In Imbituba, I lived in a three room house with three people, two dogs, and a cat. We lived in a community of about 1000 people, located 5 miles north of the actual town. There was a bus stop relatively close to my house, but buses rarely passed, and those that did were on no particular schedule. I worked at an organization called Projeto Baleia Franca which monitors that activity of the Southern Right Whale in this area of Brazil. Unfortunately, monitoring was canceled more often that not due to rain and/or wind, so I ended up staying home most days. The days I did work were spent monitoring the boats and waves, as the whales migrated north early this year due to the unusual weather conditions. My host family was quite inactive due to unrelenting downpours, so my days became extremely repetitive, filled with an extraordinary amount of time lying on my bed, listening to my host brother play video games and my host mom watch TV. Coming from an action-packed life in central London, this was quite difficult for me to digest, and frankly I went a bit insane.
The problem with the rain was that it instigated the types of problems on which I was briefed at orientation.
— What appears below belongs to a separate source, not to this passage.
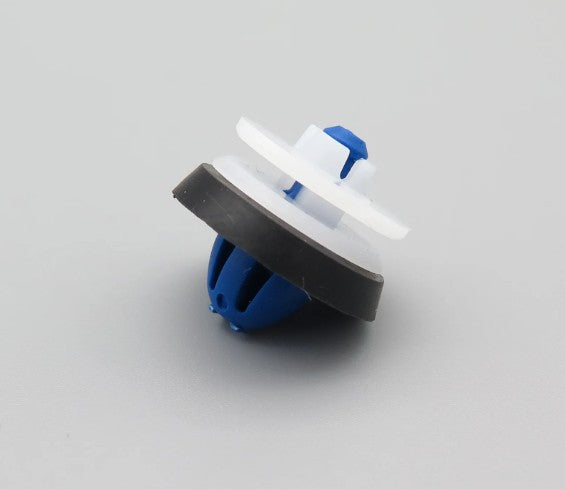 VW Audi Door Card Trim Panel Fastener Clips - 8P0868243A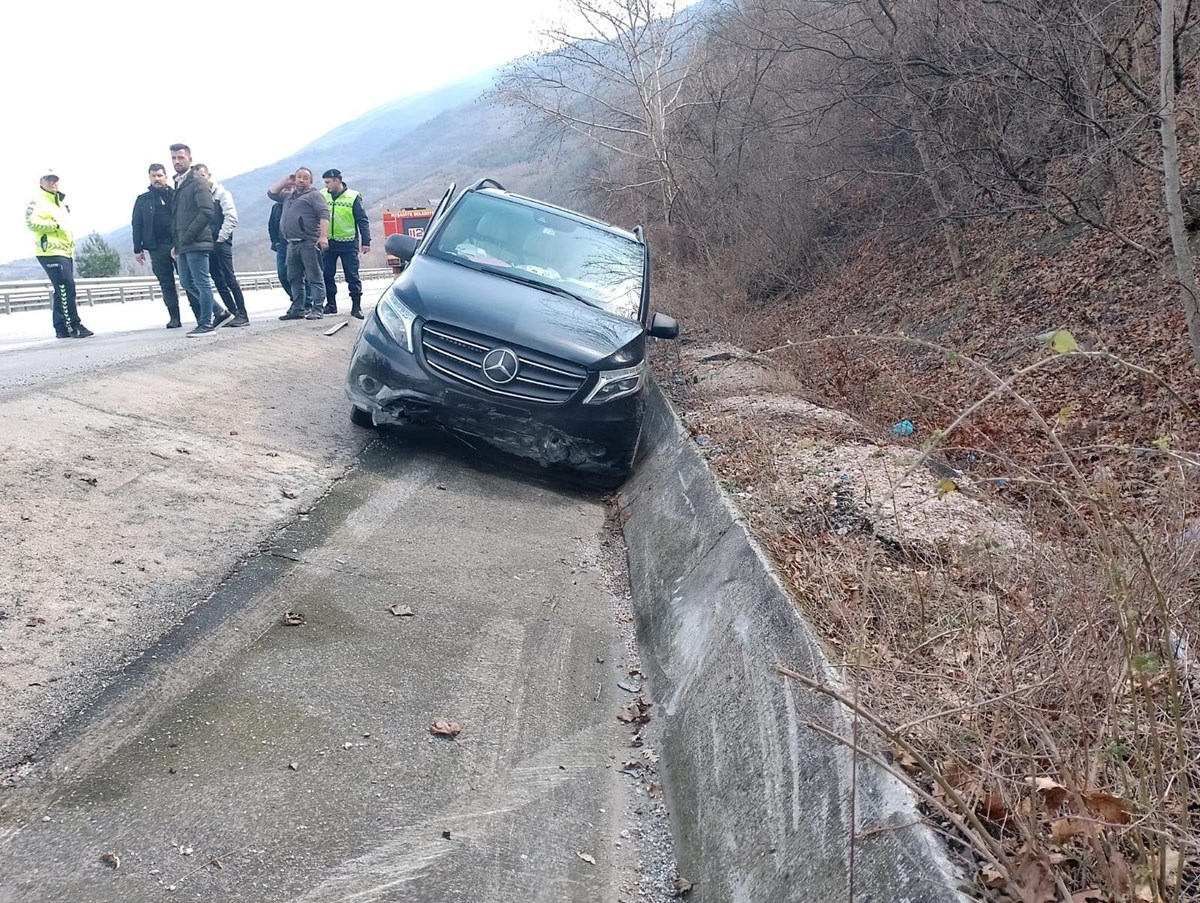 BBP lideri Mustafa Destici’nin makam aracı kaza yaptı: 4 yaralı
The types of problems I was expecting to have in the first place. The amount of time I spent doing nothing allowed more time to think about my family, friends, and old life I left behind in London and the United States. It prevented me from coming in contact with anyone but those with whom I was living, which made it difficult to practice Portuguese and become more competent with the language. It made me look at the lives my friends were living at college or back in London. It made me feel like I was missing out on other situations and on my old life that I missed so badly. The rain made me pity myself. It gave me a negative mindset, into which I fell deeper and deeper with each passing day.
About three weeks ago, I moved north from Imbituba to the island of Florianopolis. Here, I work as a volunteer an organization called R3 Animal which rescues, rehabilitates, and releases all types of animals brought in as a result of injury, sickness, illegal trafficking, or absence of parental care. I leave my house at 6:25 each morning, run three miles to the center of the town in which I live, catch another bus to work, work from 8am until 5pm, and then make my way home again. It’s an incredibly busy day that requires a concrete schedule. It’s tiring, but being on the go makes me happy.
Yes, it’s still raining. No, I don’t harbor such resentment towards the rain anymore. It’s not because I actually like it. Like anyone, I’d much rather be lying on the beach than having to constantly peel wet clothes from my body and hang them to dry. But I thank the rain for teaching me so much about myself. The two months in Imbituba were challenging and uncomfortable, but I look back on those two months and can’t believe how much I learned about myself. I learned that I need structure in my life, and that I don’t do well with a blank schedule. I learned that I do better in an environment in which I have more independence and am able to change settings when necessary. And maybe one of the most difficult things; I learned to accept something that I could do absolutely nothing to change: Mother Nature.
“An arrow can only be shot by pulling it backward. When life is dragging you back with difficulties, it means it’s going to launch you into something great. So just focus, and keep aiming.” This year is all about difficulties. And if I leave Brazil in April having had more challenges than comforts, I’ll feel successful. Right now is about focusing and refocusing, aiming and re-aiming. I’m not sure when I’ll be launched but when I am, I know I’ll hit something great. Something I wouldn’t have dreamed of hitting before this year.